A su manera, la Dictadura completa la obra de la Reforma. Gracias a la introducción de la filosofía positivista la nación rompe sus últimos vínculos con el pasado. Si la Conquista destruye templos, la Colonia erige otros. La Reforma niega la tradición, mas nos ofrece una imagen universal del hombre. El positivismo no nos dio nada. En cambio, mostró en toda su desnudez a los principios liberales: hermosas palabras inaplicables. El esquema de la Reforma, el gran proyecto histórico mediante el cual México se fundaba a sí mismo como una nación destinada a realizarse en ciertas verdades universales, queda reducido a sueño y utopía. Y sus principios y leyes se convierten en un armazón rígido, que ahoga nuestra espontaneidad y mutila nuestro ser. Al cabo de cien años de luchas el pueblo se encontraba más solo que nunca, empobrecida su vida religiosa, humillada su cultura popular. Habíamos perdido nuestra filiación histórica.

La imagen que nos ofrece México al finalizar el siglo XIX es la de la discordia. Una discordia más profunda que la querella política o la guerra civil, pues consistía en la superposición de formas jurídicas y culturales que no solamente no expresaban a nuestra realidad, sino que la asfixiaban e inmovilizaban. Al amparo de esta discordia medraba una casta que se mostraba incapaz de transformarse en clase, en el sentido estricto de la palabra. Vivíamos una vida envenenada por la mentira y la esterilidad. Cortados los lazos con el pasado, imposible el diálogo con los Estados Unidos —que sólo hablaban con nosotros el lenguaje de la fuerza o el de los negocios—, inútil la relación con los pueblos de lengua española, encerrados en formas muertas, estábamos reducidos a una imitación unilateral de Francia —que siempre nos ignoró—. ¿Qué nos quedaba? Asfixia y soledad.

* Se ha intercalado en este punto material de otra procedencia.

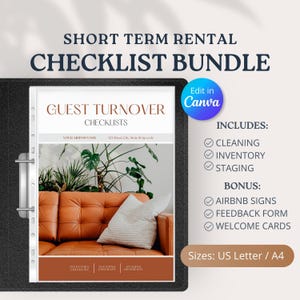 Editable airbnb cleaning checklist template, Inventory tracker, airbnb inventory checklist, airbnb cleaning list, deep clean checklist VRBO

Si la historia de México es la de un pueblo que busca una forma que lo exprese, la del mexicano es la de un hombre que aspira a la comunión. La fecundidad del catolicismo colonial residía en que era, ante todo y sobre todo, participación. Los liberales nos ofrecieron ideas. Pero no se comulga con las ideas, al menos mientras no encarnan y se hacen sangre, alimento. La comunión es festín y ceremonia. Al finalizar el siglo XIX el mexicano, como la nación entera, se asfixia en un catolicismo yerto o en el universo sin salida y sin esperanza de la filosofía oficiosa del régimen.

Justo Sierra es el primero que comprende el significado de esta situación. A pesar de sus antecedentes liberales y positivistas, es el único mexicano de su época que tiene la preocupación y la angustia de la Historia. La porción más duradera y valiosa de su obra es una meditación sobre la Historia universal y sobre la de México. Su actitud difiere radicalmente de las anteriores. Para liberales, conservadores y positivistas la realidad mexicana carece de significación en sí misma; es algo inerte que sólo adquiere sentido cuando refleja un esquema universal. Sierra concibe a México como una realidad autónoma, viva en el tiempo: la nación es un pasado que avanza, tortuoso, hacia un futuro; y el presente está lleno de signos. En suma, ni la Religión, ni la Ciencia, ni la Utopía nos justifican. Nuestras historia, como la de cualquier otro pueblo, posee un sentido y una dirección. Acaso sin plena conciencia de lo que hacía, Sierra introduce la Filosofía de la Historia como una posible respuesta a nuestra soledad y malestar.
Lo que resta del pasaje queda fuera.